In a key development in a long-running Superfund environmental cleanup effort, Atlantic Richfield Co. has agreed to pay for and finish the remediation of the Anaconda Smelter Superfund site in southwestern Montana, the U.S. Environmental Protection Agency and Dept. of Justice announced.

Under a consent decree lodged in the U.S. District Court in Butte, Mont., on Sept. 30, the company, now part of British Petroleum, has pledged to complete the cleanup work it has been performing at the 300-sq-mile Anaconda site under EPA directives issued since the 1990s.

Atlantic Richfield will pay $48 million to the Superfund program's Anaconda site account for the federal agencies' costs plus about $185,000 to the U.S. Forest Service for future oversight of cleanup work on lands that agency administers at the site.

In addition, the firm will cover the estimated $83.1-million cost of remaining cleanup activities at the Anaconda-Deer Lodge County site. 

The consent decree is subject to a 30-day public comment period and requires approval by the court.

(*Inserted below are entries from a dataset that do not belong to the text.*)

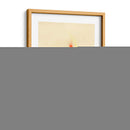 Macro Señuelo Viii - Judy Stalus | Cuadro decorativo de Canvas Lab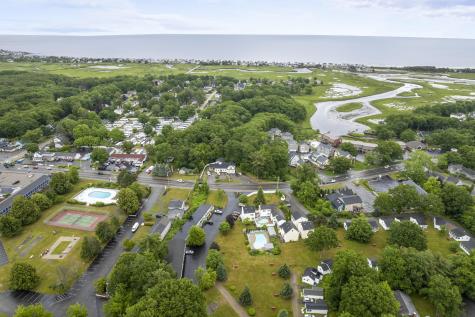 76 Post Wells ME 04090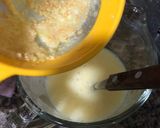 Foto del paso 4 de la receta: Atole de guayaba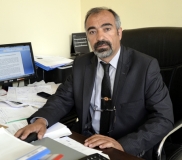Sadece sessiz kalmak böyle ise biraz da biz sessiz kalalım!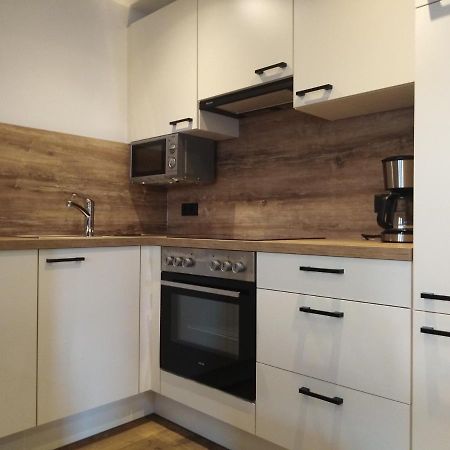 Rima Apartments ฮิพพาค ภายนอก รูปภาพ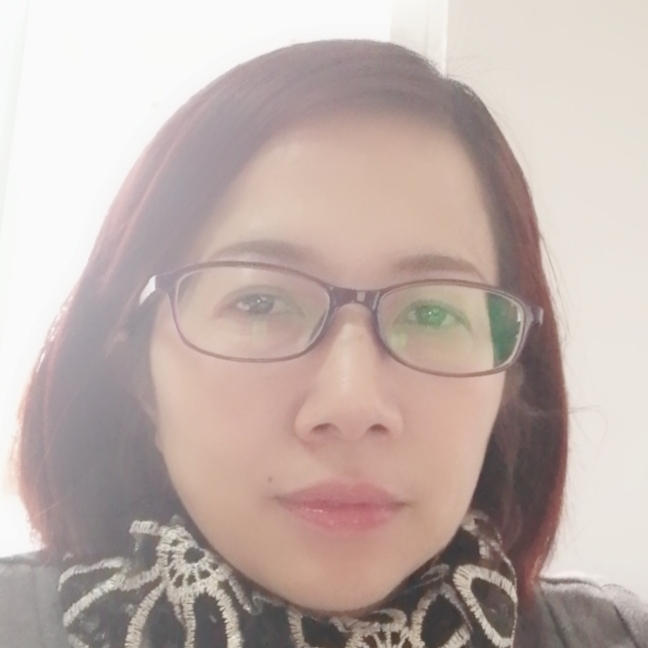 再来一生的第一张照片--永安征婚网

Signatories include Atlantic Richfield, EPA, DOJ and the state of Montana. 

State law requires that the decree be open for public comment, concurrent with the federal comment period.

According to the consent decree, the signatories intend that the settlement will "resolve [Atlantic Richfield] liability for all response actions, response costs and operation and maintenance activities at the Anaconda Site."

The document also states that the does not admit that "any release or threatened release of hazardous substances at or from the Anaconda Site constitutes an imminent or substantial endangerment to the public health or welfare or the environment."

Federal and State Agencies Comment

Todd Kim, assistant attorney general for the environment and natural resources division, said that the consent decree follows other settlements with the company that have resulted in substantial improvements at the site.

Amy Steinmetz, Montana Dept. of Environmental Quality's waste management and remediation division administrator, said in a statement, "A lot of great cleanup work has already been done and this consent decree will ensure that remaining remediation needs are funded and completed."

The estimated cost of the all the cleanup work to date at the site is $500 million.

Jesse Laslovich, U.S. Attorney for the District of Montana, said in a statement, "I was born in Anaconda the same year the smelter closed and while I never saw smoke coming out of the smokestack that still stands over Anaconda, I know what it represents."

Laslovich added, "It is a symbol representing the hard work of many Anacondans, including members of my family, that built our town. But it's also a symbol of a Superfund site that has existed for far too long."

The Site's Long History

In 1884, what was then the Anaconda Copper Mining Co. began copper concentrating and smelting operations at the location. 

Atlantic Richfield bought the smelter in 1977; operations ended three years later and the facilities were dismantled.

But the more than 100 years of milling and smelting produced what EPA says are “high concentrations of arsenic, lead, copper, cadmium and zinc,” which contaminated soil, groundwater and surface water.

In 1983, EPA added the Anaconda smelter site to the Superfund National Priorities List.

According to EPA, the cleanup has been completed at several areas of the site. In those locations, operation and maintenance work is ongoing. In other locations cleanup is underway.

Completed remedial activities include cleanup of almost 1,000 residential and commercial properties, with more than 3 million cu yd of waste removed from the community and consolidated onto company property.

In addition, more than 5,000 acres of the smelter and disposal areas have been capped and revegetated, and about 1,000 acres of new wetlands created.

Paul Takahashi, an Atlantic Richfield spokesperson, said in a statement: “We are pleased to have reached this major milestone and look forward to continuing our partnership with the EPA, the state of Montana and Anaconda-Deer Lodge County to complete this important work."